§ What you will do
Repeat the listing below in full, exactly as it stands.

§ Information provided
*** Begin section ***
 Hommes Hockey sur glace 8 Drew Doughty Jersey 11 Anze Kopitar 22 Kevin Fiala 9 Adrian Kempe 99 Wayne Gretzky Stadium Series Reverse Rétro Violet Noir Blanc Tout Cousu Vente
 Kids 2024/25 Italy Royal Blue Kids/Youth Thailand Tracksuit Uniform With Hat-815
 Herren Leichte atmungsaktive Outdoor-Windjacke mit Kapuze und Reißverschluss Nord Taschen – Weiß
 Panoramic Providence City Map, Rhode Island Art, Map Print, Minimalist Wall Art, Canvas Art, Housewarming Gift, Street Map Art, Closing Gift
*** End section ***
§ Answer to this problem
 Hommes Hockey sur glace 8 Drew Doughty Jersey 11 Anze Kopitar 22 Kevin Fiala 9 Adrian Kempe 99 Wayne Gretzky Stadium Series Reverse Rétro Violet Noir Blanc Tout Cousu Vente
 Kids 2024/25 Italy Royal Blue Kids/Youth Thailand Tracksuit Uniform With Hat-815
 Herren Leichte atmungsaktive Outdoor-Windjacke mit Kapuze und Reißverschluss Nord Taschen – Weiß
 Panoramic Providence City Map, Rhode Island Art, Map Print, Minimalist Wall Art, Canvas Art, Housewarming Gift, Street Map Art, Closing Gift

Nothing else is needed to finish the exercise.